## Assignment:
Pictures must not appear in the copy. Restate exactly the lines below from the one with "Table de Jeux" through the one with "NEW 9ct Yellow/White", inclusive.

## The records:
────────

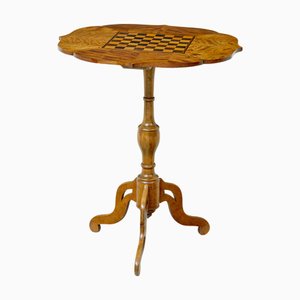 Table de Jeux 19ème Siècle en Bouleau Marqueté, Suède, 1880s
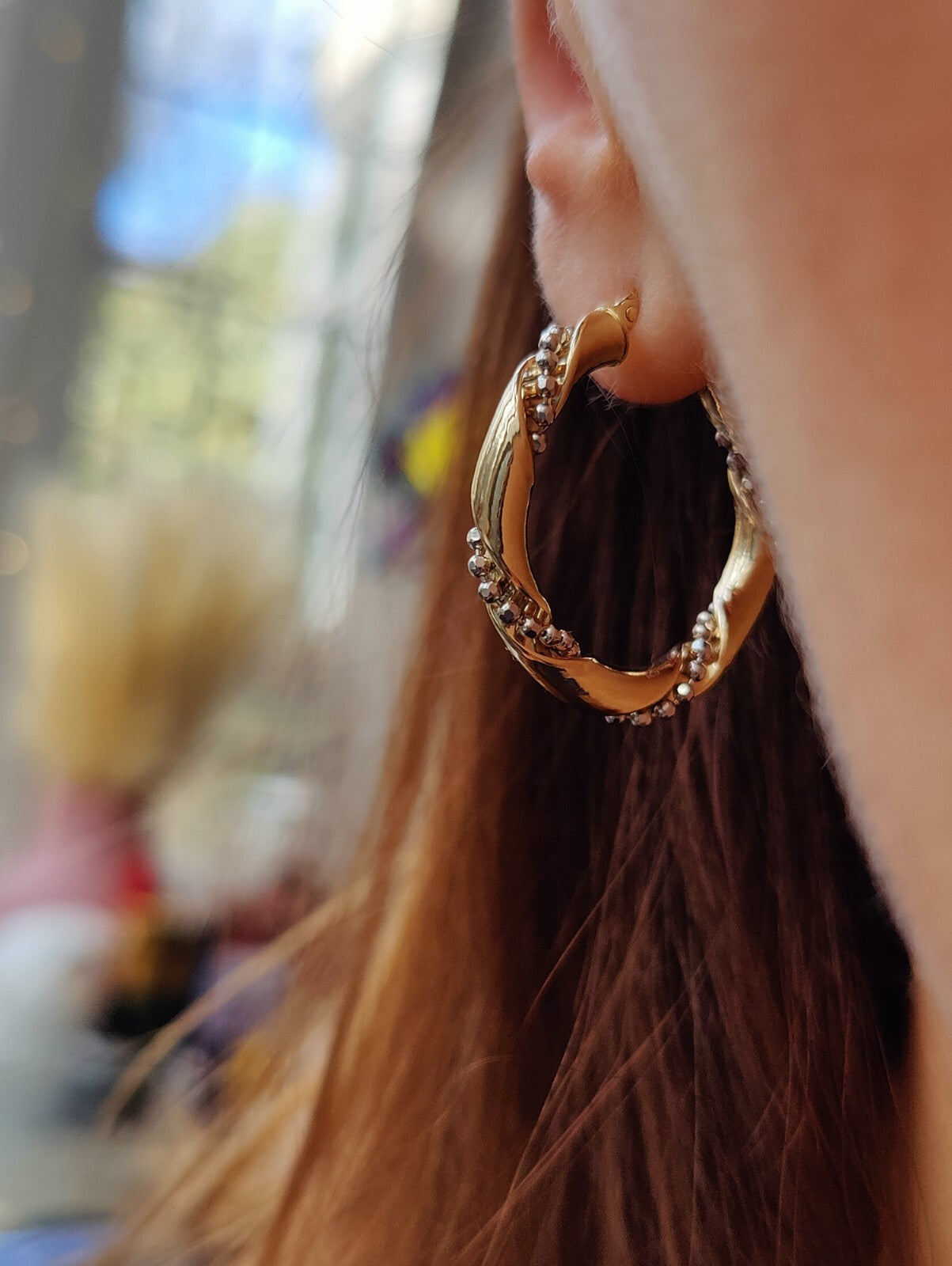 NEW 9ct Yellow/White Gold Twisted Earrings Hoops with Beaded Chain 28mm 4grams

────────

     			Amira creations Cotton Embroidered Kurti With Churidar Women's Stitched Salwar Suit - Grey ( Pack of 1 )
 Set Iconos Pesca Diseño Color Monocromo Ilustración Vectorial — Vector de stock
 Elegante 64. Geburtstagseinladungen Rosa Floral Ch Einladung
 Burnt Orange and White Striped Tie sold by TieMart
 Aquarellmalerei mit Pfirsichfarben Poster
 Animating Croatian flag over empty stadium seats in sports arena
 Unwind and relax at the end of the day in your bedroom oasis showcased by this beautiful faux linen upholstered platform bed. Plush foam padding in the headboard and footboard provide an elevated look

────────

## Written solution:
 Table de Jeux 19ème Siècle en Bouleau Marqueté, Suède, 1880s
 NEW 9ct Yellow/White Gold Twisted Earrings Hoops with Beaded Chain 28mm 4grams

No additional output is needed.